Clearwing Productions installed the system for the summer (photo: Jay Baumgardner)
USA - The Sinnissippi Music Shell at Sinnissippi Park in Rockford, Illinois is visually striking: a flaring overhead clamshell roof above a modernistic trapezoidal frame around the stage. These kinds of architectural statements, however, often come with challenges for venue sound, and this was no exception.
For this year’s Music In The Park series - which began on 7 June with the Phantom Regiment Drum & Bugle Corps and runs through 3 August with the Funk, Party and Dance Band, and hosts artists performing genres from rock to bluegrass to zydeco to everything in between - Clearwing Productions called on an L-Acoustics Kiva II design to provide a sound system that covers every seat and stands up to weather in a highly exposed location.
The system is made up of 10 Kiva II loudspeakers flown below three SB15m subs in a single centre-hung array, with two SB18m subs on the stage, all powered by three LA4X amplified controllers. That single hang is able to cover every set in the venue, plus grass sitting areas on the sides and at the top of the hill opposite the stage.

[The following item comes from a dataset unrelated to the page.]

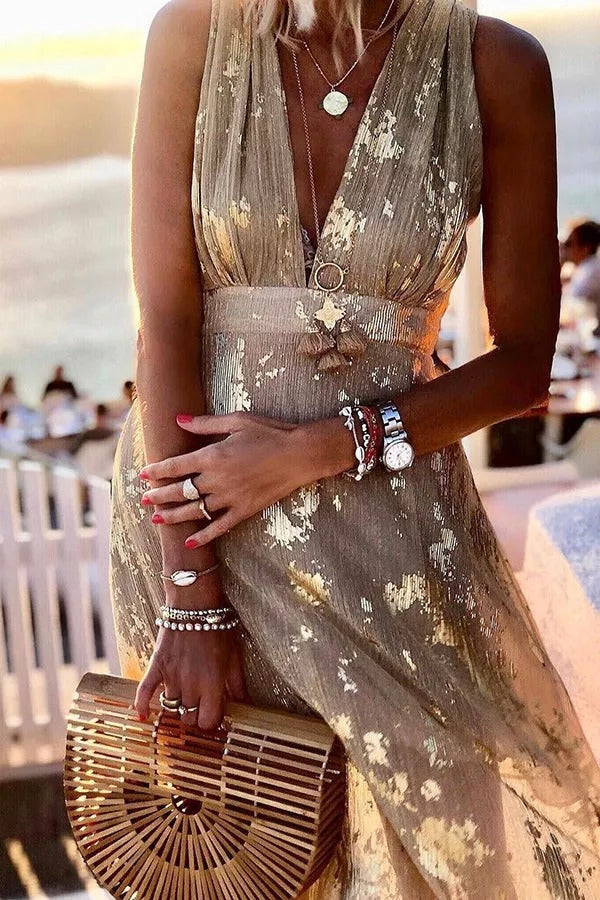CM | Golden Sunset Stories maxi vestido con escote en V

“Ideally, you’d always like to have a left-right stereo system, with a hang on either side of the stage, but it doesn’t always work out that way,” says Mik Moore, systems design engineer at Clearwing Productions, who began working at the Parnelli Award-winning sound-reinforcement provider when he was in college over 20 years ago. “At Sinnissippi Park, given the architecture and the load-bearing limits we faced with this kind of stage design, we had to work with just one line array. Because the seating areas are wide and extend up a hill behind the fixed seats, it was more of a challenge than it looked.”
That challenge was addressed by the L-Acoustics Kiva II ultra-compact modular line array, which generates symmetric horizontal coverage of 100 degrees without secondary lobes over the entire frequency range. And at just 31 pounds per module, the Kiva II allowed Moore to design a full-spectrum system that covered all of the seating areas consistently and clearly, without putting undue stress on the venue’s support infrastructure and still allowing three 15-inch subwoofers atop the hang.

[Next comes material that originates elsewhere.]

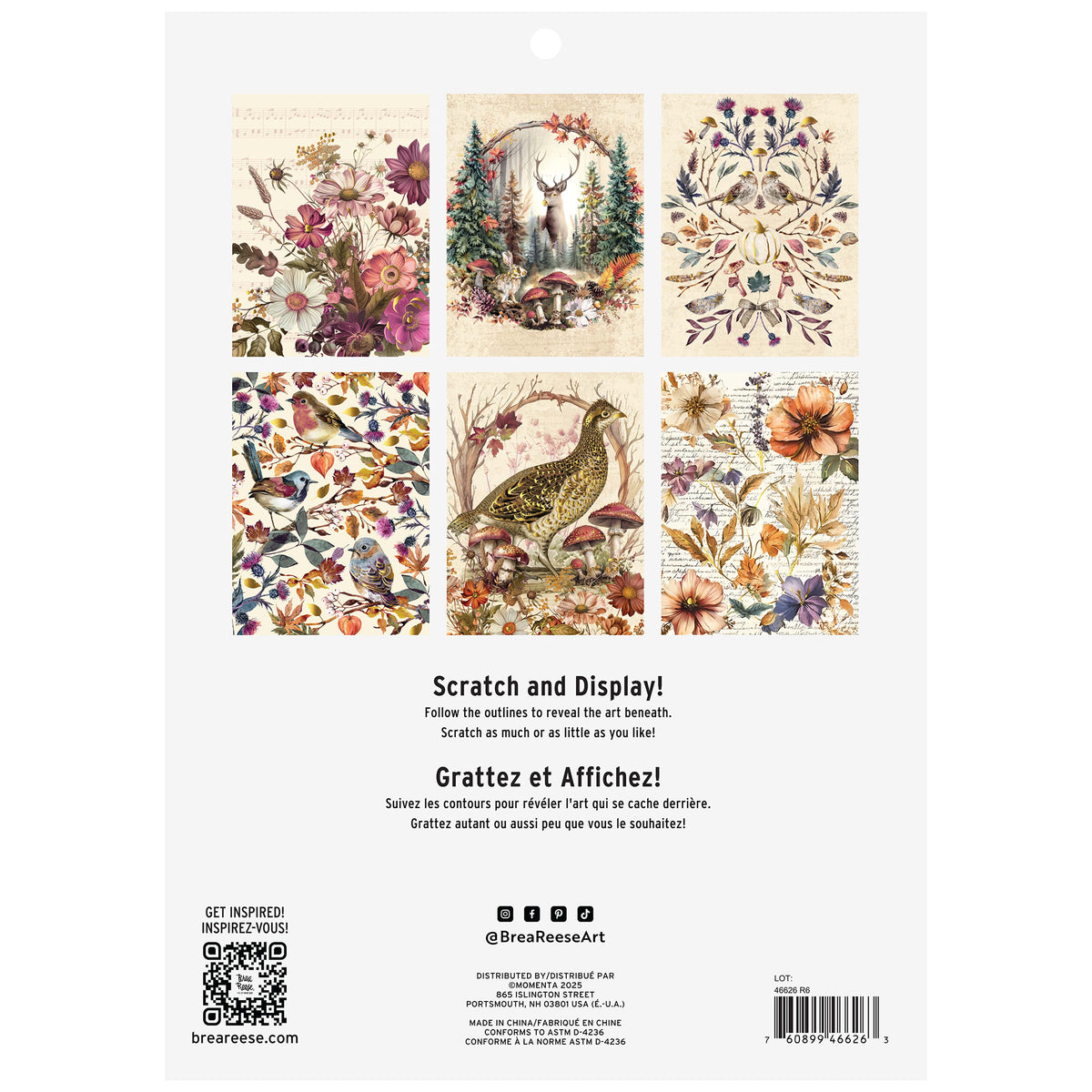 Scratch Art Paper Pad Woodland Songs with floral and wildlife designs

Using Polar Focus rigging elements that fit a motorized lift atop the array and an anti-sway stabilizer bar underneath that keeps it steady in the breeze, the Kiva II system kept Music In The Park rocking without any rolling.
“The horizontal dispersion pattern of the Kiva II is just fantastic,” says Moore. “One of the first big shows of the series had over 3,000 people in the seats and more on the grass around them, and the producers told us that everyone heard everything, even off the side and on top of the hill, thanks to the extra 6 dB the Kiva II gives us. Like all the L-Acoustics systems we use at Clearwing, we chose the Kiva II because it offered the most versatile solution for a challenging project.”